The renovations of aging homes – or even their complete replacement — is where many flippers and developers are focusing their efforts. “A lot of the [older] homes have outlived their usefulness,” said Rob Fisher, founder of Fisher Custom Homes in Northern Virginia. Across the country, teardowns represented almost 8% of single-family housing starts, according to the National Association of Home Builders. The East Coast’s Boston – Washington corridor, with its older housing stock, is a particularly popular region for replacement projects, since many suburban neighborhoods are already established and may feature well-regarded schools.
But Many Millennials Continue to Live with Parents
One reason that some observers believe that the market is not yet peaking is that homeownership rates remain historically low, especially among young people. Despite a rebounding economy and recent job growth, almost 40% of persons between the ages of 18 and 34 are doubling up with parents or other family members, the largest percentage since 1940, according to real estate tracker Trulia.
Analysts point to rising rents in many cities and tough mortgage-lending standards as the culprit, making it difficult for younger Americans to strike out on their own. “I don’t think those are challenges that are going to keep young households permanently out of the housing market, but it may keep their homeownership rate near historic lows for likely the indefinite future,” said Ralph McLaughlin, Trulia’s chief economist.
And Luxury Apartments Seem Overbuilt
2016 saw some concern that there might be too much new supply of high-end apartments – and 2017 can likely bear out those concerns. Landlords of upscale properties across the U.S. are bracing for rough conditions in 2017 that will likely force them to slash rents and offer deep concessions as a glut of supply brings a seven-year luxury-apartment boom to an end. More than 50,000 new units were rented by tenants in the fourth quarter in the U.S., but that demand was overwhelmed by the 88,000 new units that were completed in the quarter, the most since the mid-1980s, according to MPF Research, a division of RealPage Inc. that tracks the U.S. apartment market.
Most of the new construction in recent years has been on the high end. Of 189,100 multifamily rental units completed between the fourth quarter of 2015 and the third quarter of 2016 in 54 U.S. metropolitan areas, 84% were in the luxury category, according to CoStar Group Inc., a real-estate research firm. The firm defines luxury buildings as those that command rents in the top 20% of the market. Renters would need to make at least $75,000 a year to afford 88% of those units, according to CoStar.
The flattening of rents in 2017 could shift the financial equation back toward renting, posing potential challenges to the housing market. Rents in San Francisco, New York, Houston and San Jose, Calif., all declined about 1% year-to-year in 2016, according to MPF.

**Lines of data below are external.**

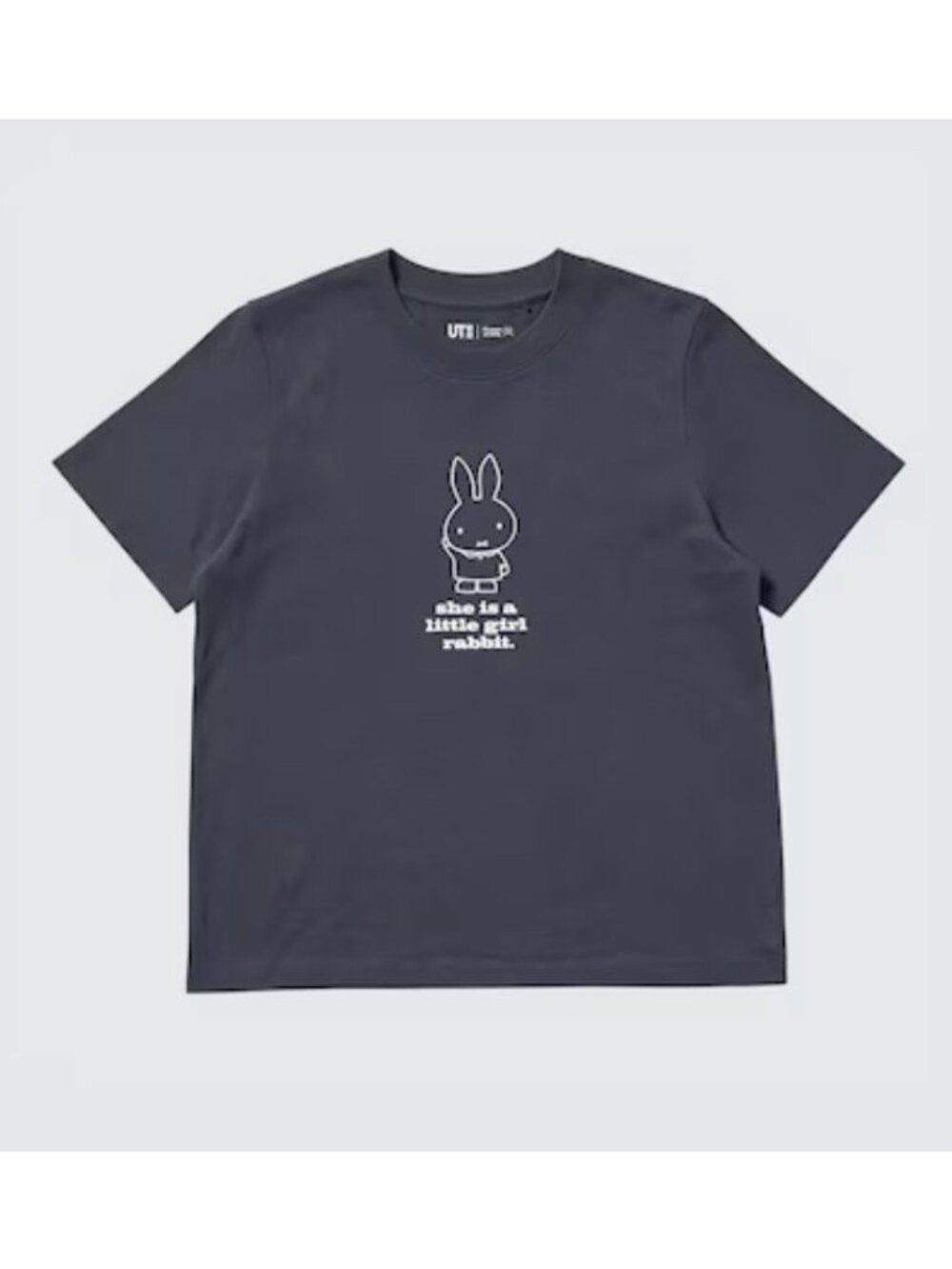 Uniqlo Miffy Women’s Graphic T-Shirt, Dark Grey, Size M, Limited Edition 70 Year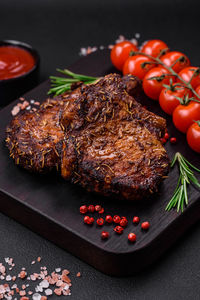 Close-up of food on table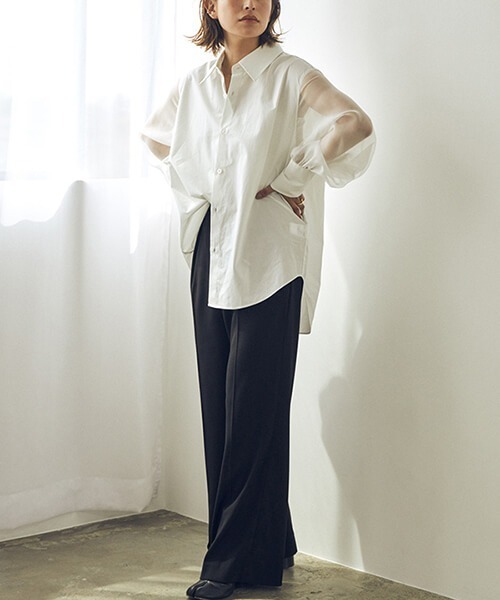 CREDONA（クレドナ）の「シアースリーブSH（シャツ/ブラウス・レディース・ホワイト/ブラック・FREE）」の14枚目の写真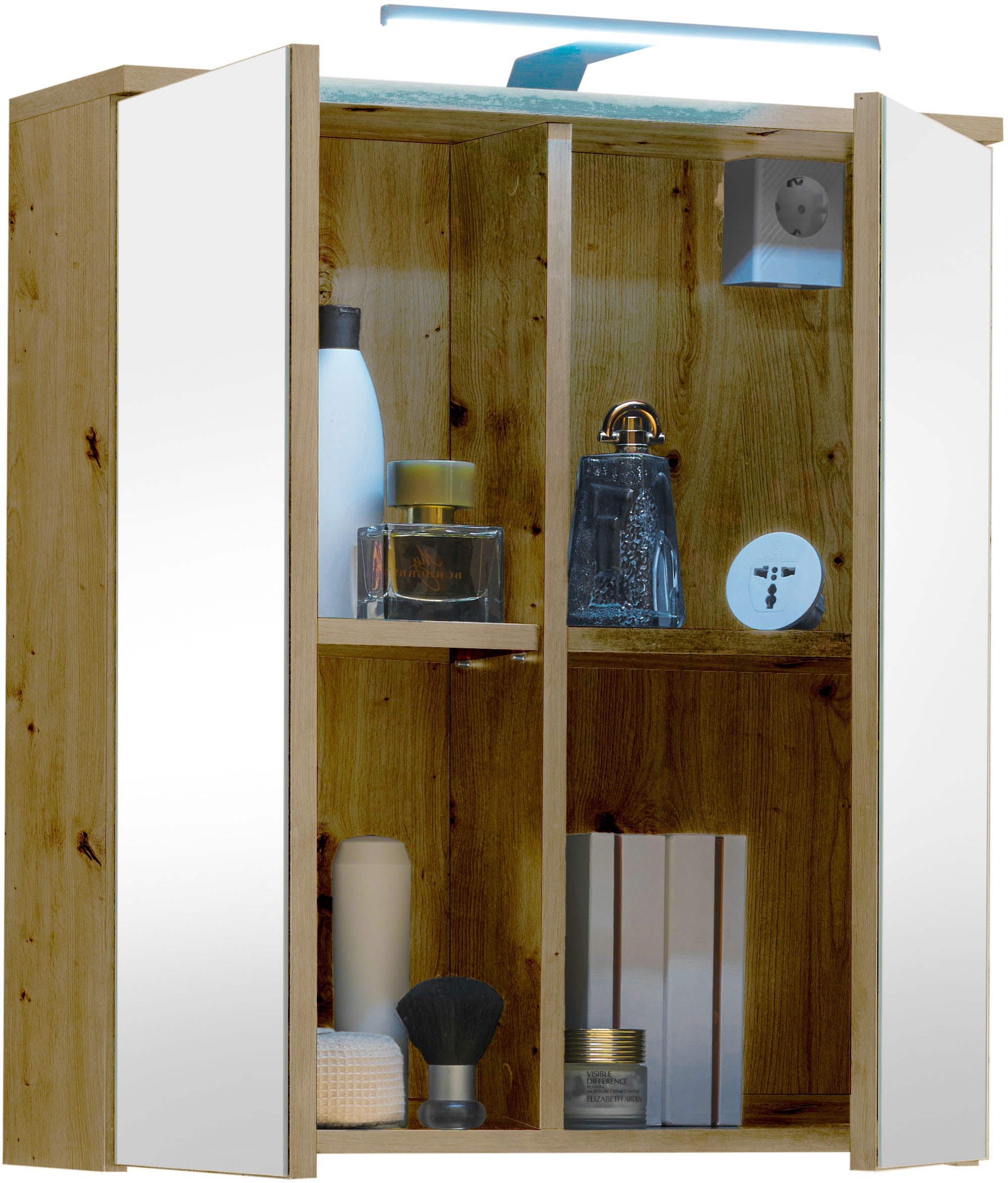 BASIC by Balculina Spiegelschrank »Spice, Badezimmerschrank BxTxH 60x67x20 cm«, (1 St.), Breite 60 cm, LED-Beleuchtung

The sluggishness is expected to spread across the U.S., hitting markets from Nashville, Tenn., and Dallas to Los Angeles and Atlanta. And in some of the country’s more expensive markets, the slowdown at the top end is showing signs of trickling down to more average-priced apartments. “We’re just being really selective,” said John Cannon, a senior vice president at Pinnacle Financial Partners, a Nashville-based financial-services company that has increased its focus on multifamily lending in the last couple of years. “Multifamily has a large number of units on the ground that they really have to demonstrate some absorption.”